In 1975, someone even detonated a bomb outside his front door. The Defender reported that the bomb exploded between 11 and 11:30 p.m., breaking windows and causing "several hundred dollars' worth of damage."
Joanne Williams and their three children were asleep when the bomb went off. Williams' eldest son, Mike, arrived home five minutes after the blast. A few minutes earlier and his "head might have been blown off," Williams said at the time.
"At that point, I decided to fight back," Williams said. "I was kind of a little, short fella, where if you slap me, I'm going to slap you back."
Frank J. Williams, 78, was president of the Chicago Association of Realtors from 1989 to 1990. He championed fair housing and diversity, according to the group. [Chicago Association of Realtors]
His past persistence as well as his continued work toward ensuring fair housing practices throughout the city earned Williams the Gale Cincotta Community Visionary Award, according to the Chicago-based housing group.
The award will be handed out at the 42nd annual awards dinner at the Sheraton Grand Chicago in Streeterville. More than 700 guests are expected at the event that raises nearly $500,000 to support the group's development efforts on the South and West sides.
“Frank Williams is an example of what one man’s fight for racial and social justice can mean for an entire community,” said Kristin Faust, president of Neighborhood Housing Services.
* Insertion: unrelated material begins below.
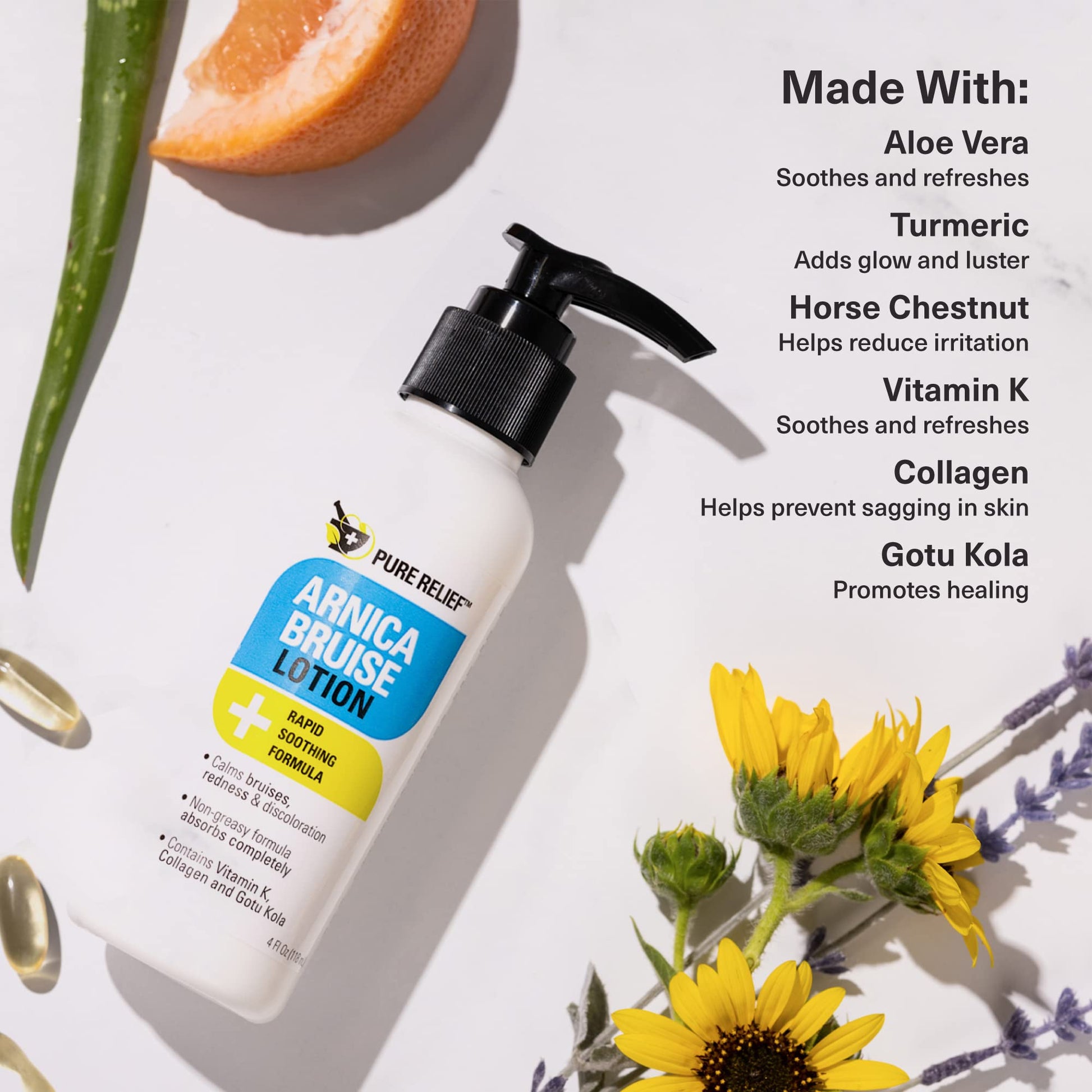 Pure Relief Arnica Bruise Relief Lotion for Bruising, Swelling, & Discoloration On Skin, Natural Skin Care Arnica Bruise Homeopathic Topical Bruise Cream W/Aloe Vera & Collagen, 4 Fl Oz (Pack of 3) Pure Relief Au supplements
The award Williams will receive is named for a West Side homemaker who spoke out against panic peddling and redlining in the Austin neighborhood in the 1960s. Williams knew Gale Cincotta and described her as a "real street fighter."
He vividly remembered Cincotta walking into several savings and loans and banks and standing on tables demanding that unfair housing practices come to an end.
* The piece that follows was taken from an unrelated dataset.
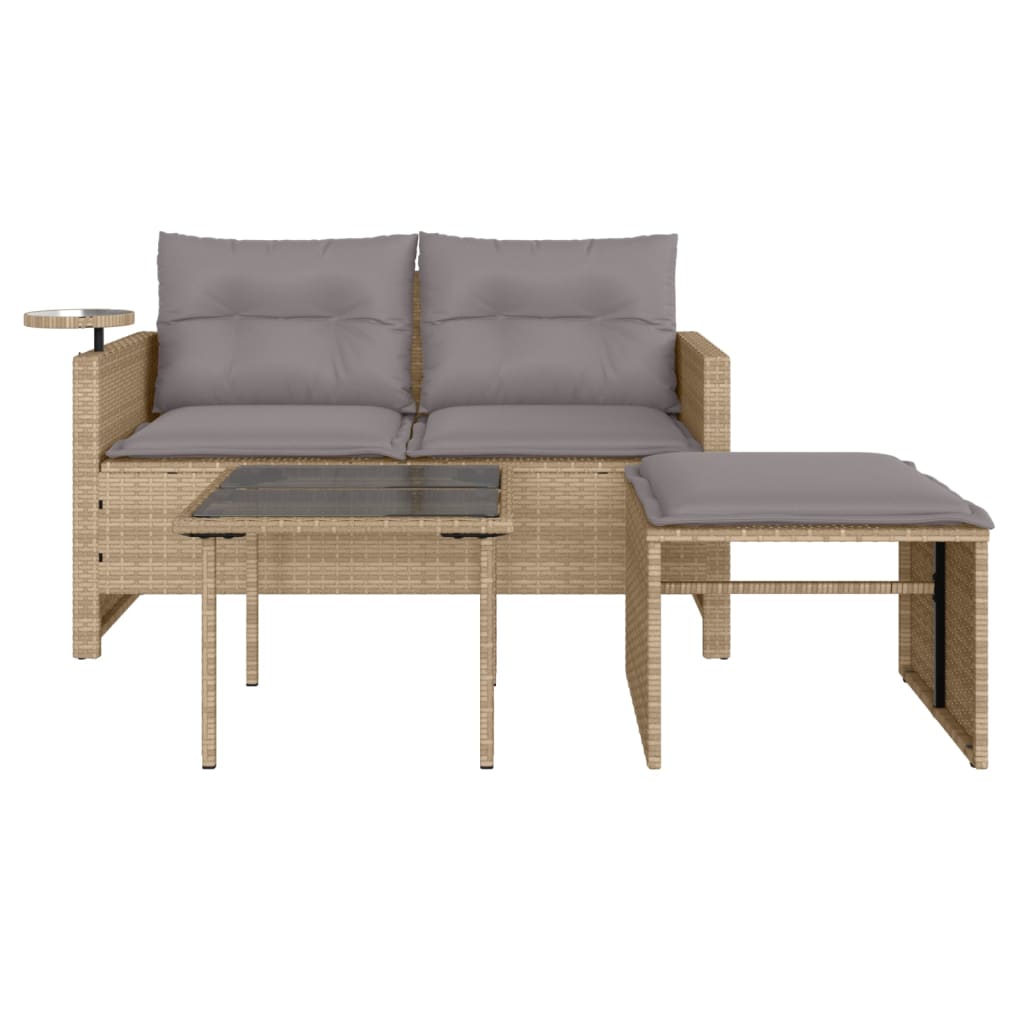 3-tlg. Garten-Sofagarnitur mit Kissen Beige Poly Rattan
Willams moved to Chicago from Flint, Mich. He didn't want to spend his life working for General Motors, and in a 1992 interview said he was expelled from high school there for dating a white woman, whom he later married.
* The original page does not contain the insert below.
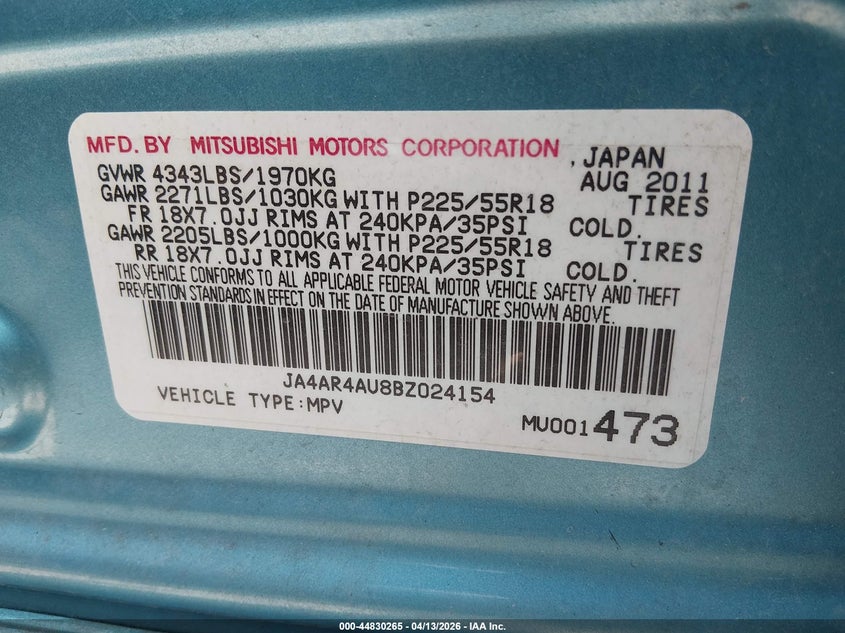 2011 Mitsubishi Outlander Sport Se VIN: JA4AR4AU8BZ024154 Lot: 44830265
Frank and Joanne Williams initially landed in Kenwood but moved to North Beverly in 1974. Frank Williams described his spouse as the "backbone" of his business. Frank Williams would drum up clients and sales, while Joanne Williams handled all other aspects of the company.
A dozen firms controlled the real estate market in Beverly in the 1970s, and Williams initially wasn't allowed in the group. That was before he and others who were part of the Leadership Council for Metropolitan Open Communities threatened to file a lawsuit.
This group was founded in the wake of the Rev. Martin Luther King's 1966 campaign for fair, affordable and open housing. Chicago's segregated neighborhoods were the backdrop for King's fight with the real estate industry.
"We were really iced out of it," said Williams, 78.
Eventually, the Beverly group relented. Unlike other areas, several prominent residents of Beverly refused to move when blacks began buying houses in the neighborhood, which stands out for being integrated to this day.
"Beverly didn't say it was going to integrate. Integration came to us," said Williams, reiterating that merging blacks and whites in the same neighborhood didn't come easy.
Williams also served as president of the Dearborn Realtist Board from 1973 to 1974. The group of black real estate agents was founded in 1941 after the then-all-white Chicago Real Estate and Renting Agents Association denied blacks entry.
“Frank was on the front line, aggressively standing up and providing a voice for the less fortunate and those that had no voice,” said Tracey Taylor, president of the Dearborn Realtist Board.
“Many of us in the real estate business owe a huge debt of gratitude to Mr. Williams for his diligent work for equal rights for not only homeowners but real estate practitioners throughout Illinois,” Taylor said.
The Chicago Association of Realtors accepted its first black member in 1963, and Williams was chosen to lead the group from 1989 to 1990. He was the second African-American to serve as president and championed fair housing and diversity.
"There was not a lot of us, but I did the best I could in those years," he said.